We have not only been washed in that water, filled with the spirit. But we must be, as Jesus says, wellsprings of that water. And especially, let us do that in our homes. Seems to me that some of the worst wounds and the greatest misery that so many people live through are wounds that come at home. And we need to be oases, fonts, wells for the water of the mercy of Jesus to bubble up and bring healing to hearts and homes. And from that then, there will be healing and new life where we work and in our communities and in our nation. This is what God invites us to do in the year of grace 2016: to unleash the Gospel of Mercy, to unleash the gift of Mercy itself. Finally, about this Eucharist, this is where mercy becomes, Sunday after Sunday, day after day, visible for us Christians. Under the appearances of bread and wine, the merciful self-offering, all-loving Jesus is present in our midst. The Eucharist is the consummation of our baptism and the consummation of the renewal of our baptism in the confessional.
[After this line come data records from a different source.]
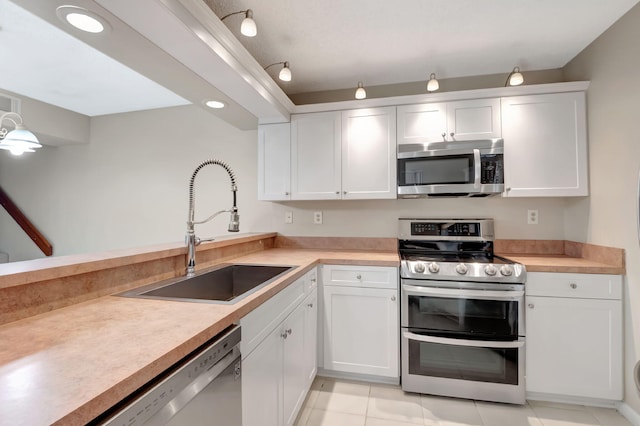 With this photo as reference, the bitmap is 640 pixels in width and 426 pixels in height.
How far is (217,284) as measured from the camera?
176 cm

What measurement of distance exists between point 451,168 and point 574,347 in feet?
4.58

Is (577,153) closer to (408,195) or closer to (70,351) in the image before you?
(408,195)

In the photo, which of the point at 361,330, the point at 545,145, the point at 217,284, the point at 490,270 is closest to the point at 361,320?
the point at 361,330

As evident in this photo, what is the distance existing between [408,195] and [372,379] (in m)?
1.44

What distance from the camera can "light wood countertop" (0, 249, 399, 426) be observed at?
0.52 m

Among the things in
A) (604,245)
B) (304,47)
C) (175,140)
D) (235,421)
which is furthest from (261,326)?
(175,140)

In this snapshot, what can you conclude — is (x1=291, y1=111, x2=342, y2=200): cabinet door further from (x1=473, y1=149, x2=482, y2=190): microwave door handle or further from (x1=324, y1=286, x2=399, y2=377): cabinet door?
(x1=473, y1=149, x2=482, y2=190): microwave door handle

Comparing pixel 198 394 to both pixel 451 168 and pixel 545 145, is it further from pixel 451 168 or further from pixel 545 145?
pixel 545 145

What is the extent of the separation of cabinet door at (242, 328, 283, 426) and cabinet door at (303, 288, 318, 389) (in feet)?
1.43

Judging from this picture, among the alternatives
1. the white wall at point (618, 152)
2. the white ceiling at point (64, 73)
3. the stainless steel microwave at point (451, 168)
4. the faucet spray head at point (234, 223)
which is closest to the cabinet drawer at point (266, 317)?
the faucet spray head at point (234, 223)

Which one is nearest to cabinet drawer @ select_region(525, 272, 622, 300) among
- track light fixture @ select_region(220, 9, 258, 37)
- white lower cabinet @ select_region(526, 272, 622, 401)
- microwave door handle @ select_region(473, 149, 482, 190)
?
white lower cabinet @ select_region(526, 272, 622, 401)

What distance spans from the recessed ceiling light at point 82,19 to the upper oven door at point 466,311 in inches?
87.0

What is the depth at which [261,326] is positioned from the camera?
4.01 ft

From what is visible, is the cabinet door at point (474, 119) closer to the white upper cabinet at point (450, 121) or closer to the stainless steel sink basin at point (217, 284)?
the white upper cabinet at point (450, 121) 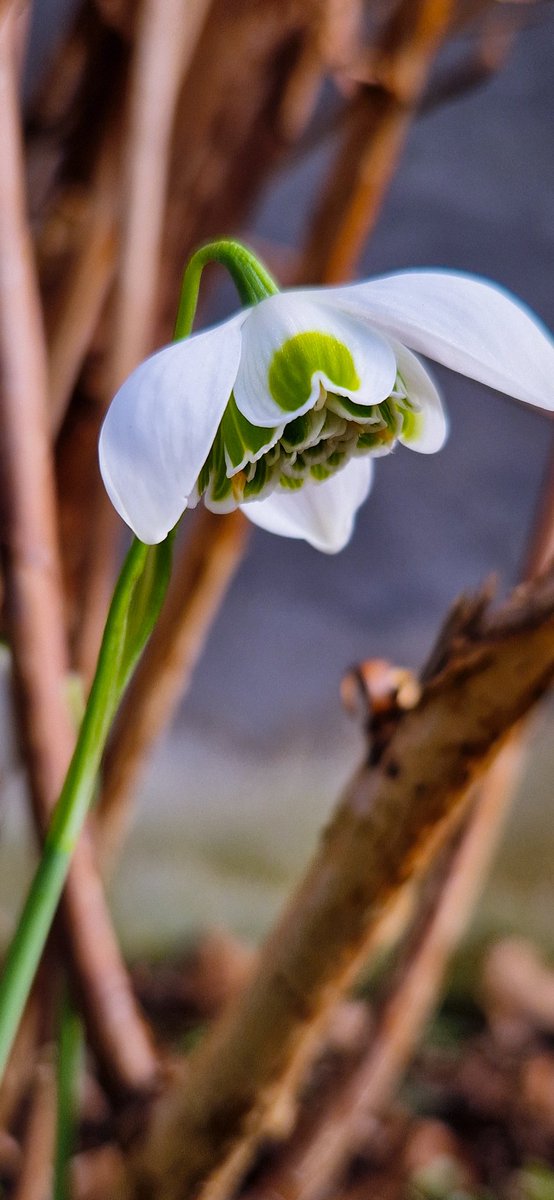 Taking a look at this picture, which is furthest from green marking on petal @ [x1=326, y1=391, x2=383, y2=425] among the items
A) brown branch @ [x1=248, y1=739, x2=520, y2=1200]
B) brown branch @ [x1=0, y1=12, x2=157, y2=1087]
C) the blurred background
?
the blurred background

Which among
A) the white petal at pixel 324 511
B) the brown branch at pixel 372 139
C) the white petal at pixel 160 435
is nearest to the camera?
the white petal at pixel 160 435

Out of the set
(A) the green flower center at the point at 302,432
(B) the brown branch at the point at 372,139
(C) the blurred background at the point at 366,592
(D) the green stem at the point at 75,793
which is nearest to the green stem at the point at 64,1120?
(D) the green stem at the point at 75,793

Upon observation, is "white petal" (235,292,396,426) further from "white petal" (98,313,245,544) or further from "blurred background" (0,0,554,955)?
"blurred background" (0,0,554,955)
It is to be able to come here and be with Jesus that he has given us mercy. What do we do then? We eat mercy and we drink mercy. It can’t be any closer to us — his mercy, his merciful self as it is in the Eucharist. This is how we are saturated with mercy. It is by receiving him in the Holy Eucharist, above all, that we pass through the true door of mercy. We pass through the wound into the very heart of Jesus. There to be burnt up in whatever’s wrong in us, and made aflame with His very love. This is a kind of a recruitment station here today on Woodward Avenue. I hope you’re all ready to sign up. I recruit you to be agents of mercy. To be agents of the Gospel, of the new evangelization, and to spread this new water, this love and mercy of Jesus Christ to the world — because the world is waiting. It doesn’t always know it’s waiting. Sometimes it even pretends to be dismissive. But God knows the world, his world, is waiting. And it falls to us, today, as inept as we sometimes are, it falls to us to be servants of God’s mercy.

Give thanks to the Lord for He is good. His mercy endures forever.